# What about the Brethren movement?



## Jon 316 (Jan 13, 2009)

Hi folks, I'm new here. quick intro to lead into my question.

I heard the gospel through the brethren. Although they taught etrenal security, I do not think they were 'reformed' in the fullest sense. 

After 'getting saved' I eventually left teh fellowship for several reasons. The key one being that they felt that they alone had the 'new testament pattern'. The particular branch of the brethren I was involved in was the churches of God also known as 'needed truth'. They broke away from the plymoth brethren over issues of church government. They felt that the local churches of God should be controlled by a centralized government. 

Any, my point is. They felt they were _the_ church. My study of church history shows me that this was a 'reformed issue' i.e the desire for pure worship and ecclesiology hence all the church splits. 

Anyway, just wondering what folk think...


----------



## Hippo (Jan 13, 2009)

The tradgedy of the Brethren movement is that their initial motivation was a desire to end sectarianism however this is precisiely the trait that they adopted. 

I have a deep affection for the Brethren movement and they have had very great men in their midst but their falling was a belief that they could somehow transcend the fall and create a perfect Church that everyone else would have a duty to follow. 

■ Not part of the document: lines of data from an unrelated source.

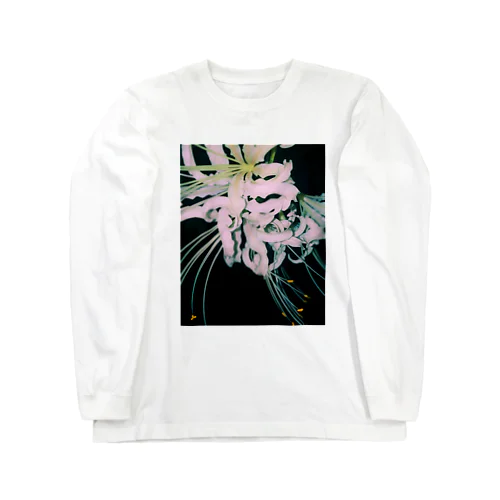 散りゆく Long Sleeve T-Shirt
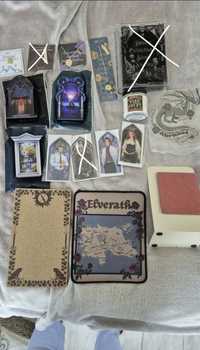 Мерч з Fairyloot, Illumicrate,  BookishBox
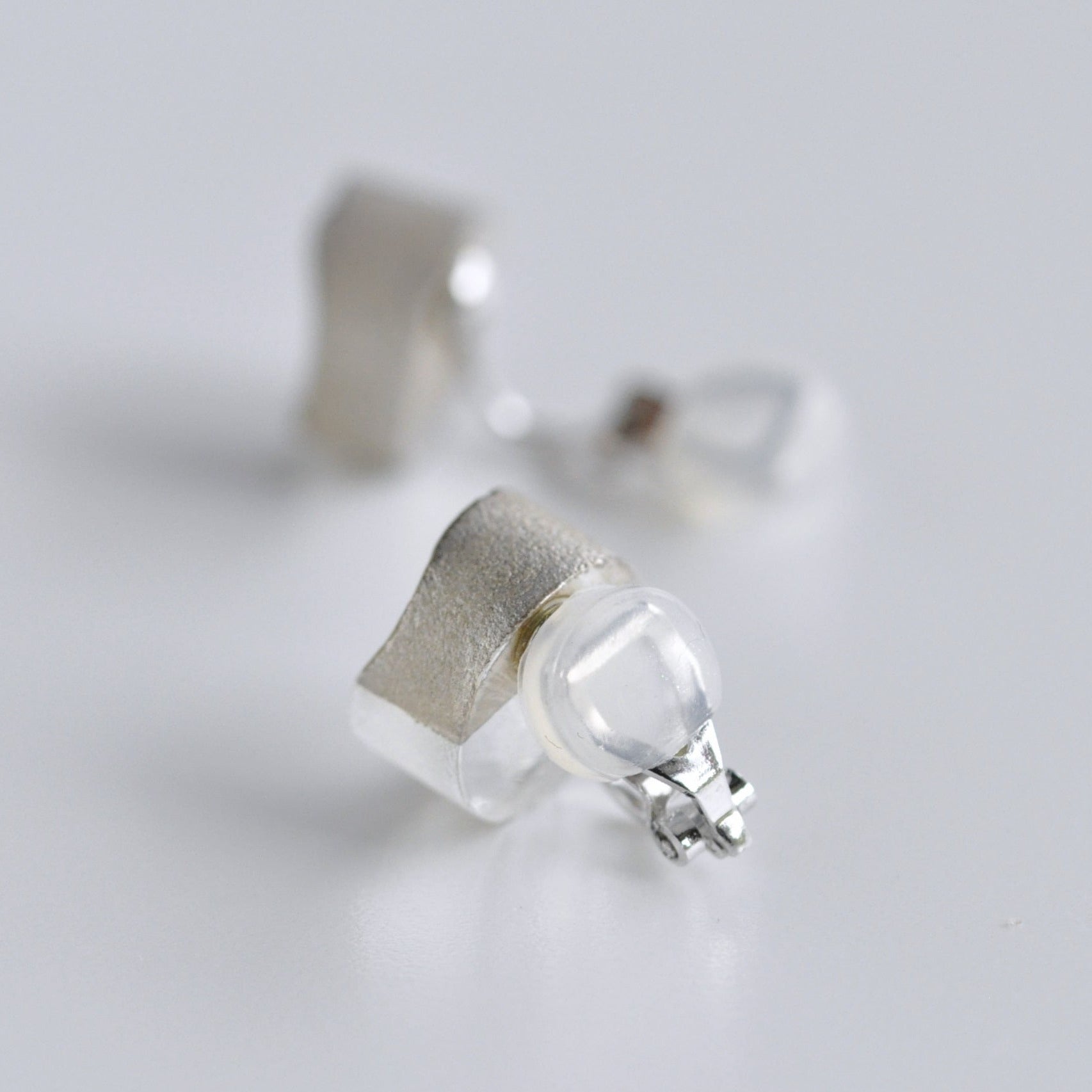 sorte glass jewelry Clip-on Earring SGJ-101SE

I am quite partial the Darby's idea of the total ruin of the church that broke the direct apostolic succession but they go too far in abrogating apostolic teaching as being the basis through which we interpret the Bible.


----------



## Jon 316 (Jan 13, 2009)

Yeah, 

I wonder, as a young person, at the time of my conversion, if they messed with my head a bit. At times I get very dismayed with todays expression of church. I'm sure something of brethrenism rises up within me.


----------



## OPC'n (Jan 13, 2009)

From what I've read about the Brethren Movement, it isn't good. They are the ones who brought into full force Dispensationalism.


----------



## Jon 316 (Jan 13, 2009)

when you say full force dispensationalism. Do you mean the different 'eras' and 'covenants'? and if so, how is this incompatible with reformed theolgy?


----------



## OPC'n (Jan 13, 2009)

The movement began in the 1800's. Not sure it that answers your "eras" question. As far as it being incompatible with reformed theology I guess it would depend on whom you ask. Personally, I believe it attacks the heart of the Gospel. It is humanistic whereas reformed theology is Christ centered. Of course, there is a large range of dispensationalists. Some are extreme to the point of being heretics to those who have some dispensationalism in their beliefs who are good brothers and sisters in Christ. It's been awhile since I read the book, "Wrongly Dividing The Word Of Truth A Critique of Dispensationalism" but it's pretty good.


----------



## Zeno333 (Jan 13, 2009)

Jon 316 said:


> when you say full force dispensationalism. Do you mean the different 'eras' and 'covenants'? and if so, how is this incompatible with reformed theolgy?





Standing by and observing the answers to that one


----------



## Jon 316 (Jan 13, 2009)

thanks, I'll check out that book. do u know who the author is?


----------



## OPC'n (Jan 13, 2009)

John H. Gerstner and Sproul did the foreword


----------



## Jon 316 (Jan 13, 2009)

thanks!


----------



## toddpedlar (Jan 13, 2009)

Jon 316 said:


> when you say full force dispensationalism. Do you mean the different 'eras' and 'covenants'? and if so, how is this incompatible with reformed theolgy?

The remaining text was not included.